I like Rust's `?` operator (and Swift's `guard` statement also), but it's worth noting that the bug wouldn't have existed in Rust in the first place because the file object wouldn't have outlived the scope it was defined in.
Also and really because it’s quite hard to go and replace implementation details with code which behaves completely differently and implements an unrelated contract entirely.
> how would they would have made the error easier to spot?
There was a try block with two function calls, and it seems like the author assumed only the first function call could throw.
With return-based errors, the error handling wouldn't implicitly be shared between the two functions. The author would write the handling for the first function, and then they would notice the second function could return an error state too. Then they might write a correct handler, or at least we should expect them to say "this can't happen, so panic". This bug would have been trivial to fix if it panicked instead of corrupting fds.
What makes you think that "the author assumed only the first function call could throw?"

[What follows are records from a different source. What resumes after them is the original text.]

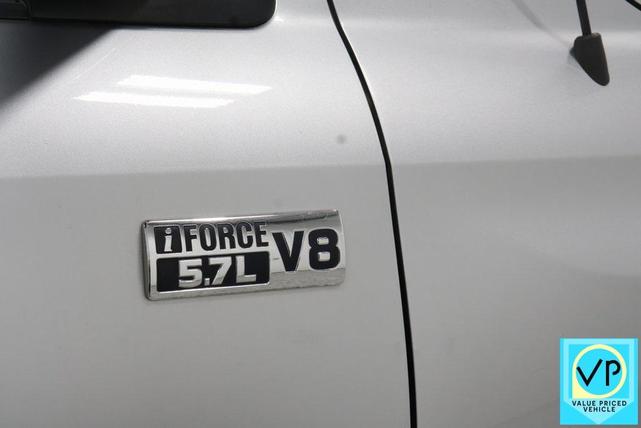 Photo of 2014 Silver Sky Metallic Toyota Tundra
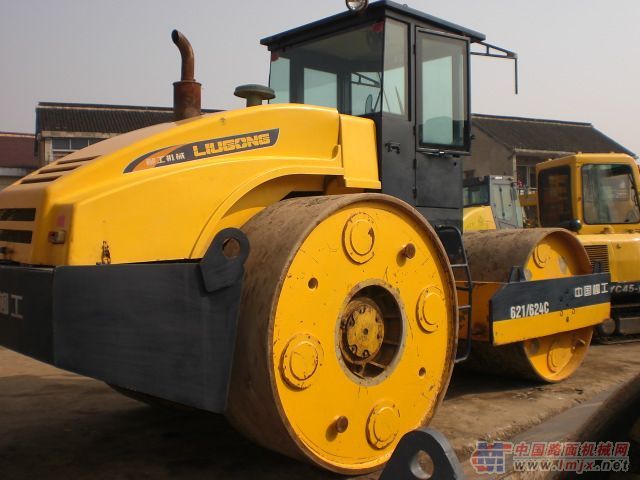 求购18-21铁三轮压路机13621680577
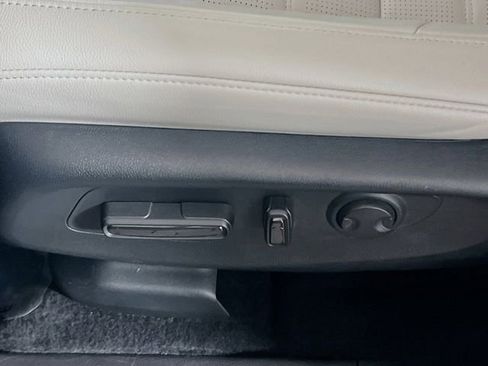Used 2025 Honda CR-V EX-L image 15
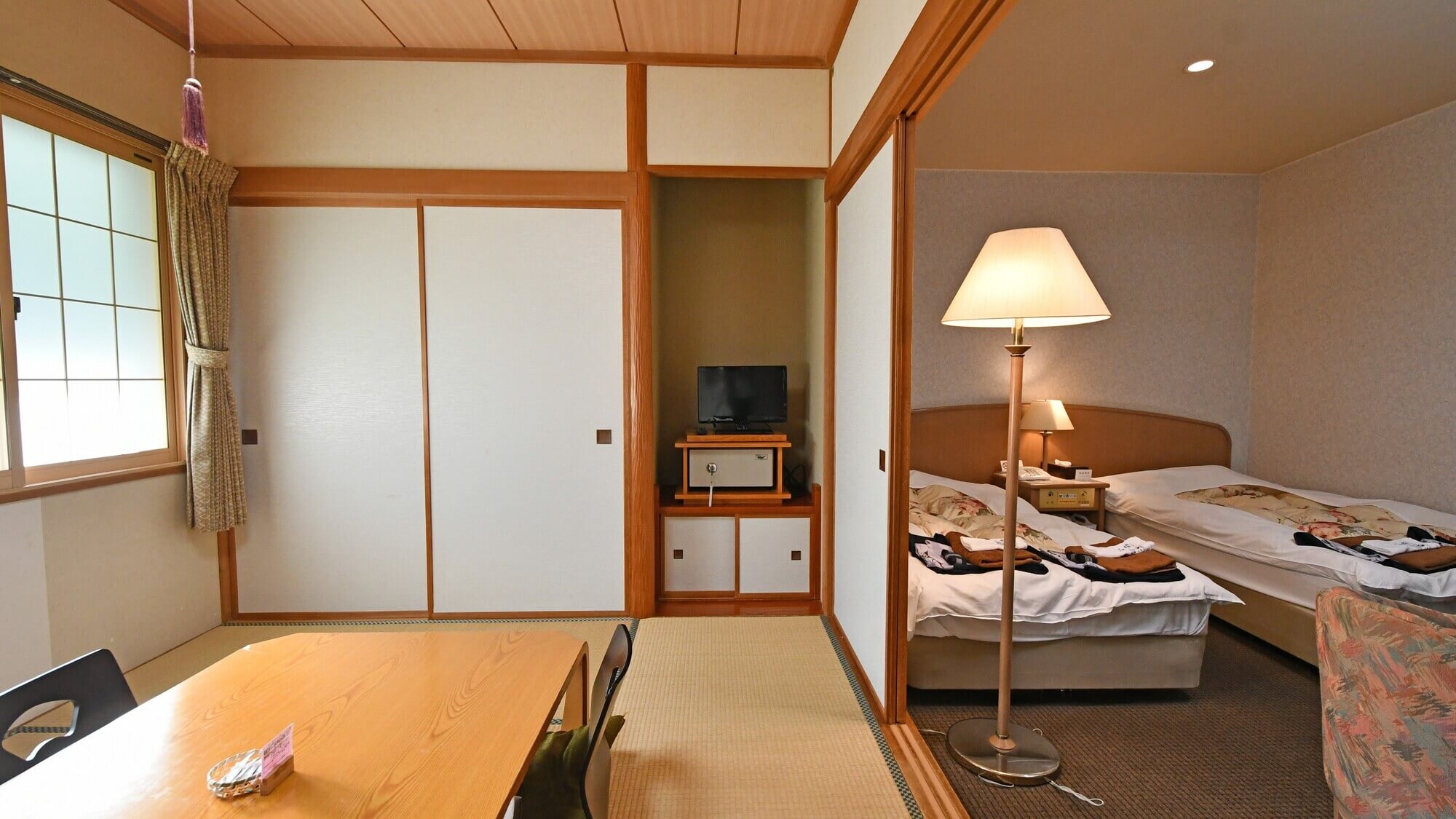 [Special Japanese-Western Room] A premium guest room with a twin-bedded Western-style room and a 5-tatami Japanese-style room.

Programmers in exception languages never think (or at least should never think) "X cannot throw" because it is never true. Any function has the potential of throwing an exception. This is even more true in Python than in other exception throwing languages.
No, the problem here is that the author has realized that they need special cleanup logic in the case that a file fails to be opened, but they applied that logic too broadly.
That's precisely the point I was making: there is no python code which is guaranteed not to throw. If the original author thought that the line of code in question wouldn't throw, they were were wrong and fundamentally misunderstood Python.
Well the code wouldn't have caused any errors if it only caught normal exceptions, at least.
> That's precisely the point I was making: there is no python code which is guaranteed not to throw.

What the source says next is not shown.